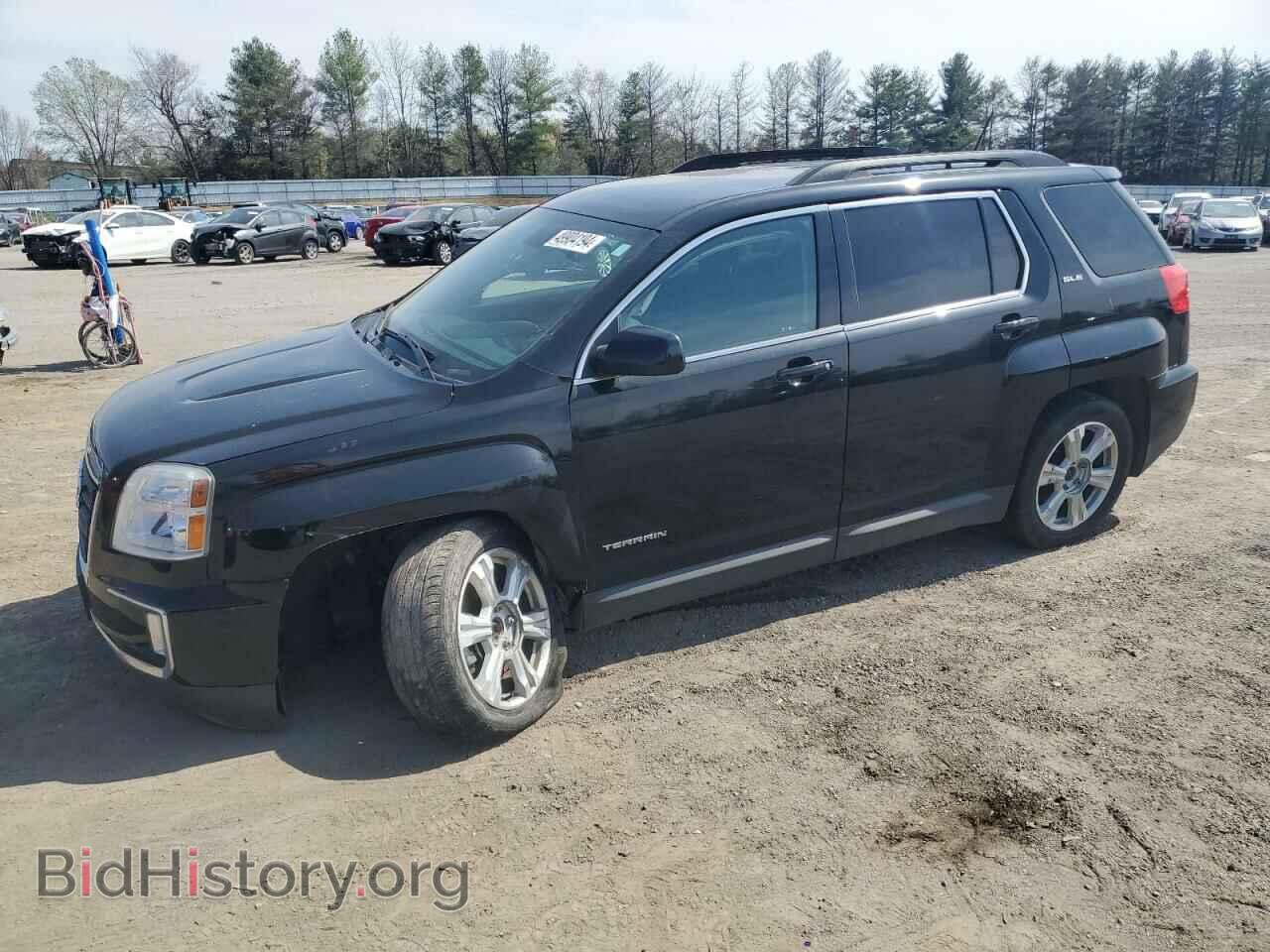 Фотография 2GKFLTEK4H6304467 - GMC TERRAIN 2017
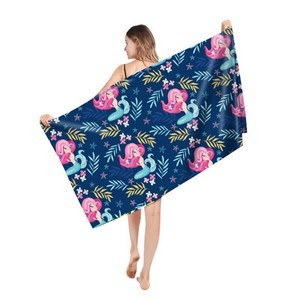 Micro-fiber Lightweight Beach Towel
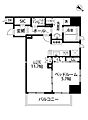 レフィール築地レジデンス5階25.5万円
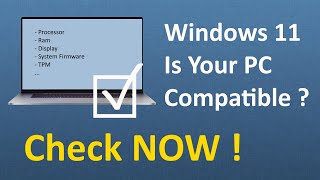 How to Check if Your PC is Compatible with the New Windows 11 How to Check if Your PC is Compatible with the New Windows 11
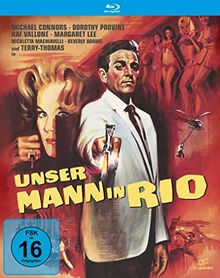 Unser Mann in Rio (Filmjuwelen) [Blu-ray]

--

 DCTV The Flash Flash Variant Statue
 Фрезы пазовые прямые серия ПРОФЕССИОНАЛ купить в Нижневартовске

TASK DETAILS: In the data above, find the line containing "Windows 11 How" and the line containing "Unser Mann in Rio (Filmjuwelen) [Blu-ray]". Copy exactly the stretch from the first through the second, both included, leaving out any picture.

ANSWER TO THIS PROBLEM:
 How to Check if Your PC is Compatible with the New Windows 11 How to Check if Your PC is Compatible with the New Windows 11
 Unser Mann in Rio (Filmjuwelen) [Blu-ray]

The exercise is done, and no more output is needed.